Laboratory Use Only READ SECTION VERY CAREFULLY prior to changing device IP address. Failure to follow instructions may render your device unreachable, and may require you to manually edit the SD card file system or make a new SD card.

1.2. Add New Management IP address


This procedure will need to be done for each MGMT port on your device.

Make sure that you’ve already configured the host IP address. You can see how to do this here. This will ensure that once you update Crimson TNG or Cyan, you’ll be able to communicate with it.

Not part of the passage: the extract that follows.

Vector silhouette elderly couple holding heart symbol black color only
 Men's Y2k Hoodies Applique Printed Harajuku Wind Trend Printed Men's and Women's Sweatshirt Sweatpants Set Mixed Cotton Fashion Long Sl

To temporarily add a new IP address, SSH into Crimson TNG (shown) or Cyan, and then add the new IP address using the IP tool;

[dev0@crimson]$ sudo -i
{Type Password}
 ip addr add Y.Y.Y.Y/ZZ dev eth0

Then, log out of Crimson TNG or Cyan, and without powering down the unit, test to confirm that the new IP address works, and that your host can communicate. The best test series is to first attempt to ping the new management port, then to run uhd_find_devices, and uhd_usrp_probe, and then to run a simple GNU Radio script that is known to work - and ensuring that you have also applied your final, intended, configuration on the host computer as well. You can do this by using the how to test successful setup and operation guide.

1.3. Removing Management IP address


Laboratory Use Only CAREFULLY TEST CHANGES TO NETWORK PARAMETERS, AND ENSURE FUNCTIONALITY, PRIOR TO MAKING THESE CHANGES PERSISTENT ACROSS REBOOTS Consider whether it is feasible to only add the new interface settings to Crimson TNG or Cyan, without removing the existing interface. This provides a fall back mechanism to access the device in the event you misconfigure the interface, and helps avoid incorrectly configuring the device, thereby ensuring consistent operation.

To remove the default management IP address, first ADD the new one using the procedure above. Then, log out of Crimson (shown) or Cyan, and SSH back in, using the NEW ip address. This will prevent your session from being terminated once you delete the old address.

To delete the old address on Crimson TNG or Cyan, we can again use the IP address tool;

[dev0@crimson]$ sudo ip addr del W.W.W.W/XX dev eth0

Again, log out of the machine, and ensure that you can ping the device, that the website is reachable, and that you can use uhd_usrp_probe and uhd_find_devices.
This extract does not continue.